Close

trying to resolve the bottleneck on cpu processors for cycles improvements.

A project log for mlx90640 sensor works w 800 bytes

Everywhere i read people are excited to get mlx90640 working. here are examples using arduino w 800bytes ram, and 1k with calibrated DEG C

jamesdanielvjamesdanielv 09/09/2019 at 02:270 Comments

i'm using Arduino IDE 1.8.9. my main focus is speed on the uno and nano but this also improves performance on any cpu.

i have broken down problems, created fast math optimizations and cached ares for better performance. now it is time to look at the engine closer:

these two areas eat all the cpu cycles on nano. higher clock rate on any processor will improve performance

  sub_calc_irData 145,000

the first sub_calc_To calculation 500,000

i have troubleshoot_optimize set to true, it outputs some more stuff so i can make things work faster.

i tried moving one of the progmem tables to ram. it only reduce cycle counts by 5000 microseconds

this is caching the 1 /2^x table in ram and the 2^x table in ram only save about 5000 microseconds over 768 reads. this is below the variation of +/- 10,000 per frame  760,000 micro seconds on arduino nano so it could just be noise. moving on to next area. the progmem tables are fast enough. they are faster than the switch(x) {..} i had used earlier. 

below is a sample frame using ram cached values. the process time goes up and down depending on pixel information. 

set Replace_detailed_calc_with_image_data false will allow testing of detaled To mode output of pixels.
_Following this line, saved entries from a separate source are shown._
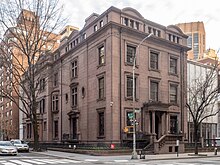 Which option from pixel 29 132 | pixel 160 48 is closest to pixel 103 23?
pixel 160 48

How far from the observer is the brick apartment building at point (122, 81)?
39094 mm

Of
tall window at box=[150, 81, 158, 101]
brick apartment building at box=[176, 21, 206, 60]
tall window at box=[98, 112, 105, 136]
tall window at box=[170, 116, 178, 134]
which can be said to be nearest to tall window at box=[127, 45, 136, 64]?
tall window at box=[150, 81, 158, 101]

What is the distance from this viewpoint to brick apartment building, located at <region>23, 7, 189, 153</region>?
1539 inches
just for comparing here is with the image mode of sensor read

set Replace_detailed_calc_with_image_data true will allow testing of image mode

this tells me two things

1) the detailed calcs in the To eat up around 300000 microseconds on uno. teense-lc runs faster 

2) that there is some other part of the system functions eating up a lot of cycles. 

3) that there is something outside of the math calc of the temperature that is using a lot of cpu time

in the MLX90640_CalculateToRawPerPixel(uint16_t pixelNumber ) my own version of the routine that returns 1 pixel at a time to help save ram on processor and utilize storage on sensor, there are several areas of note for cpu cycles

also i moves some of the math values at the start down further so i could easily make sense of caching them.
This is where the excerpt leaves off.